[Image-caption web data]
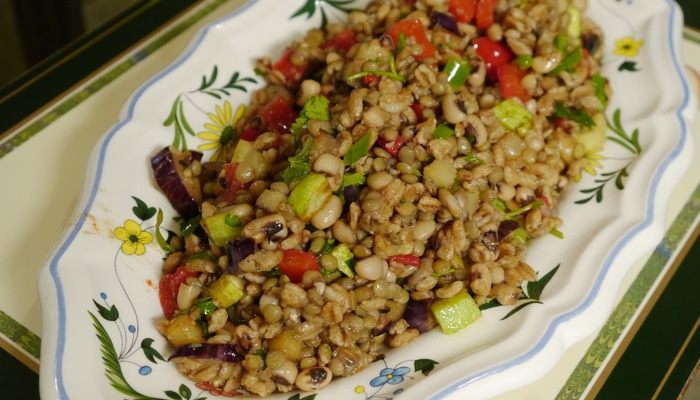 Салат с чечевицей, полбой и овощами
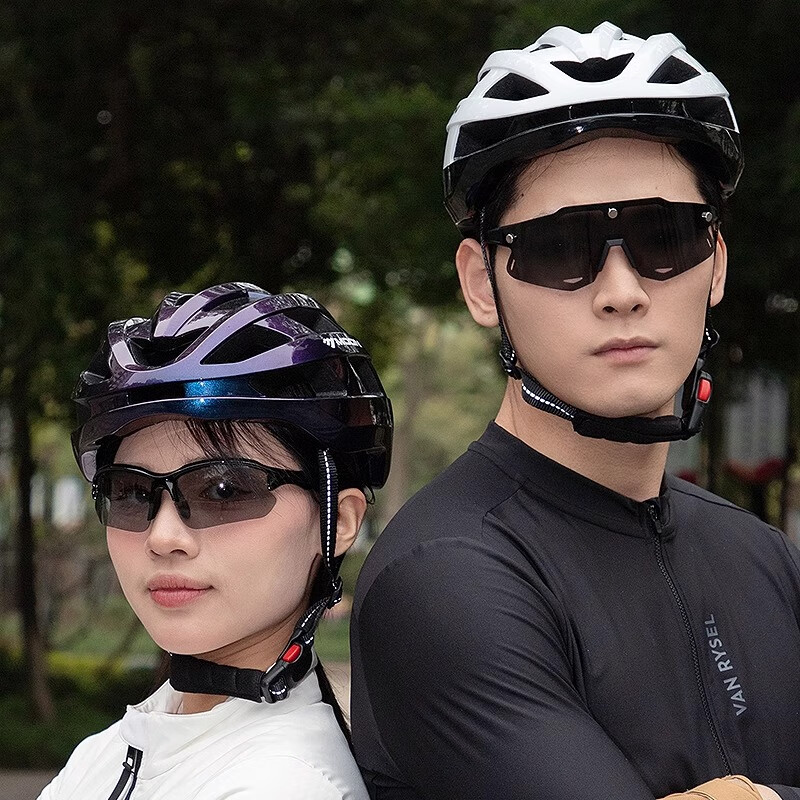 MOON Bicycle Riding Helmet, One-Piece Molded Airflow Safety Helmet, Suitable for Men And Women, Commuting, Mountain Biking, Road Cycling Equipment, Size M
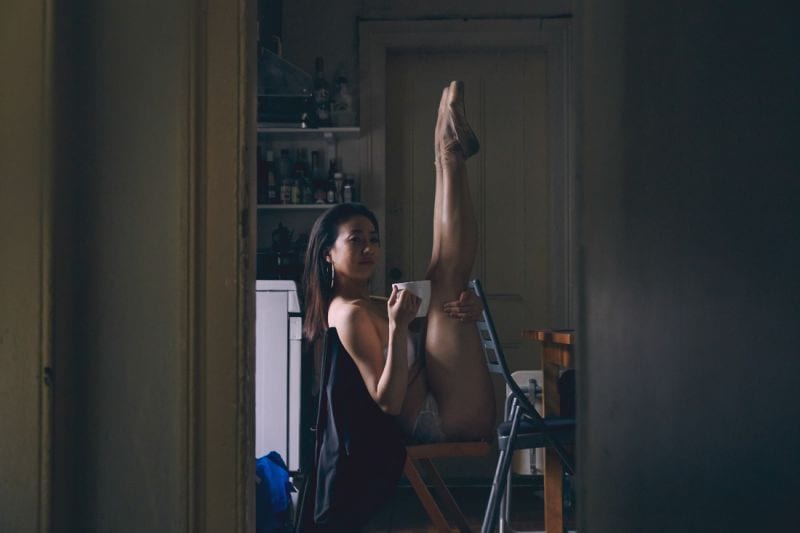 Photos Of Dancers In Their Own Homes Frau trinkt Kaffee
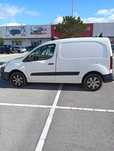 Peugeot Partner 1.6 HDi 2018 com 154.000 km reais, Bem Estimada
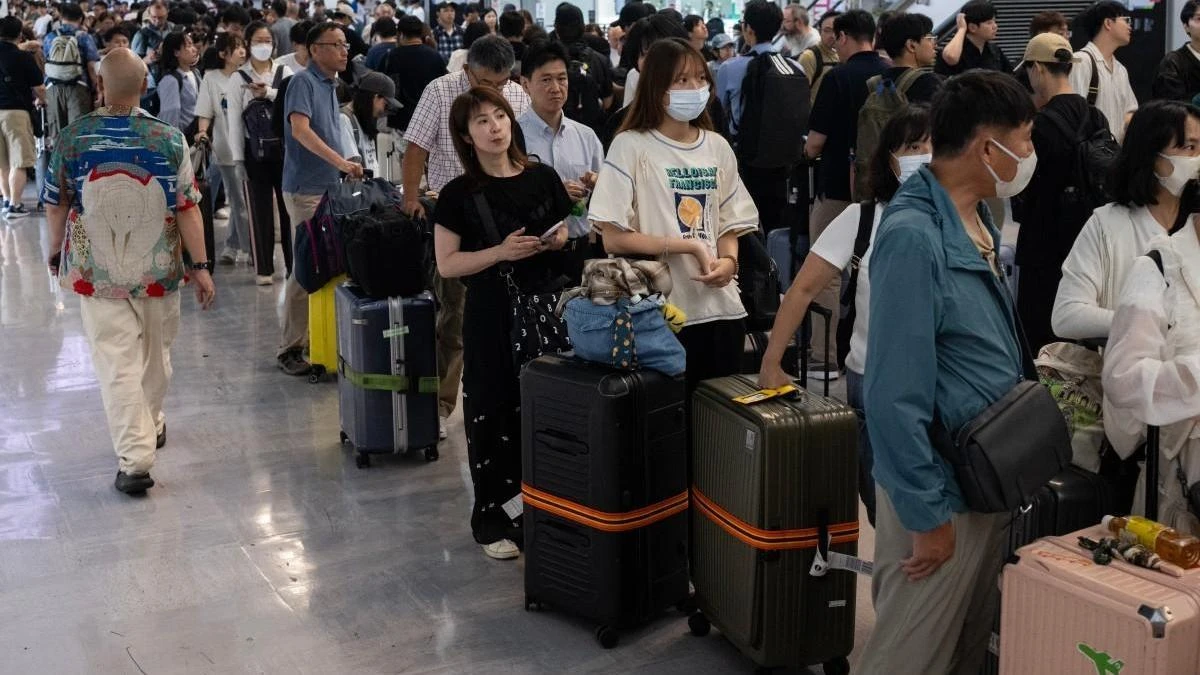 Japonya'yı vuran sağanak: 4 can kaybı, binlerce Narita'da mahsur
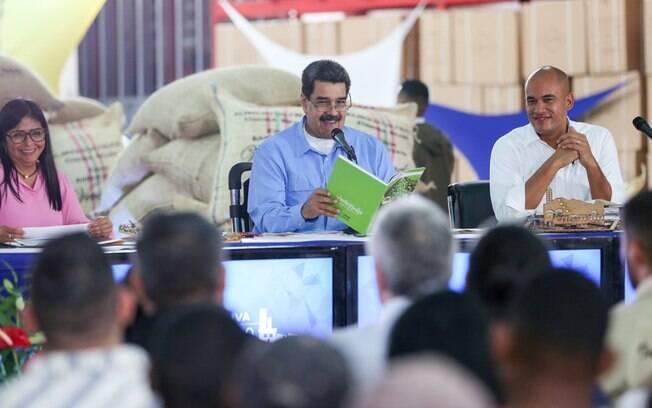 Héctor Rodríguez ao lado do presidente venezuelano, Nicolás Maduro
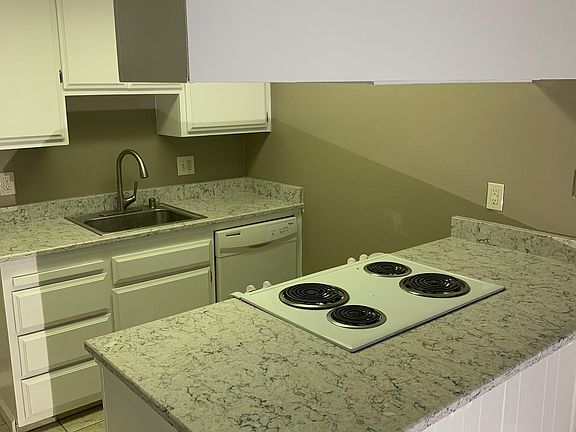 New kitchen counter tops installed 6/2020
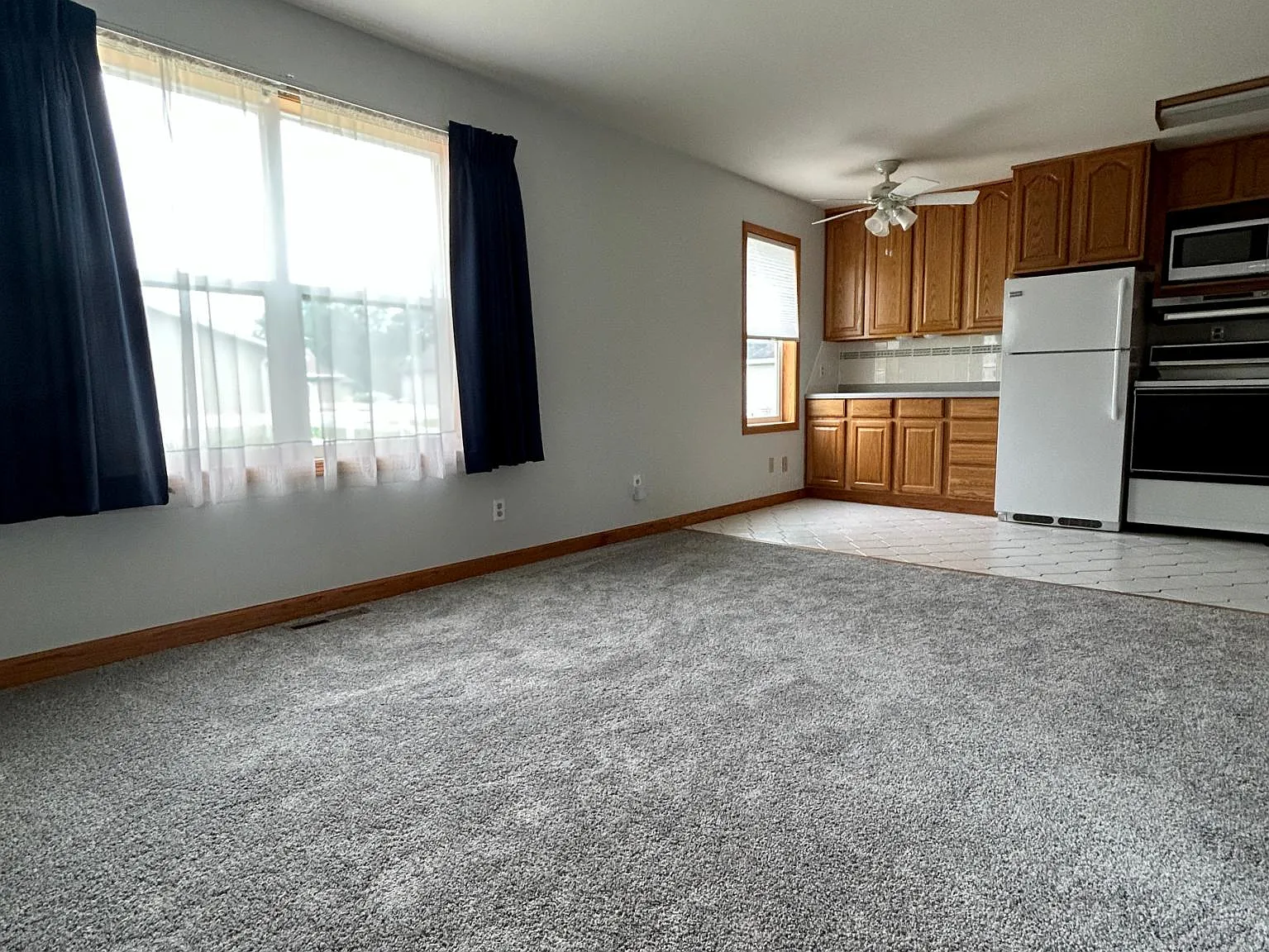 2 bed, 783 sqft, $1,350 — Photo 3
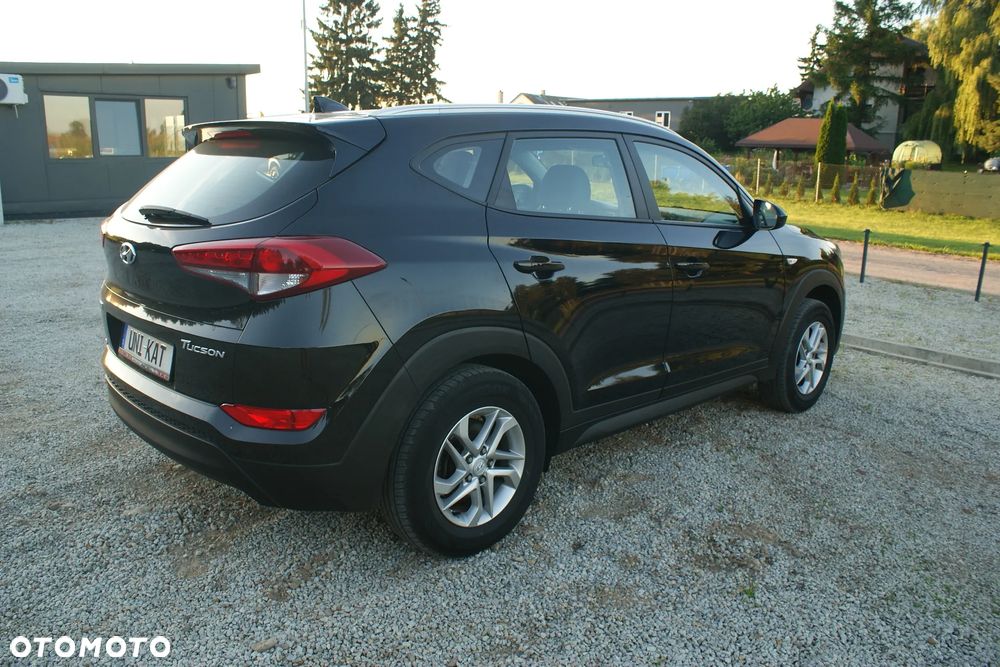 Hyundai Tucson 1.6 GDi 2WD Pure - 24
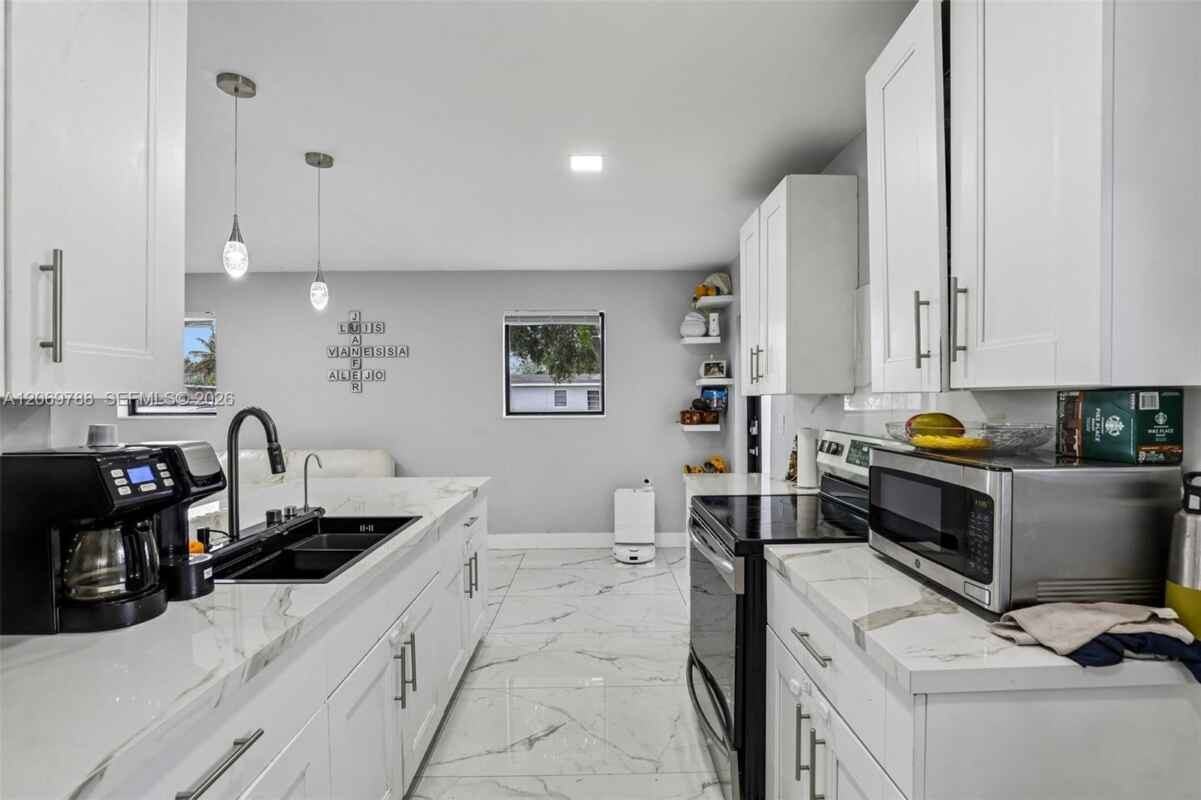 1421 N 68th Ter - Photo 3 of 31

WHAT YOU WILL DO -> The copy you return must match the records above exactly, minus any images.

EXERCISE SOLUTION ->
 Салат с чечевицей, полбой и овощами
 MOON Bicycle Riding Helmet, One-Piece Molded Airflow Safety Helmet, Suitable for Men And Women, Commuting, Mountain Biking, Road Cycling Equipment, Size M
 Photos Of Dancers In Their Own Homes Frau trinkt Kaffee
 Peugeot Partner 1.6 HDi 2018 com 154.000 km reais, Bem Estimada
 Japonya'yı vuran sağanak: 4 can kaybı, binlerce Narita'da mahsur
 Héctor Rodríguez ao lado do presidente venezuelano, Nicolás Maduro
 New kitchen counter tops installed 6/2020
 2 bed, 783 sqft, $1,350 — Photo 3
 Hyundai Tucson 1.6 GDi 2WD Pure - 24
 1421 N 68th Ter - Photo 3 of 31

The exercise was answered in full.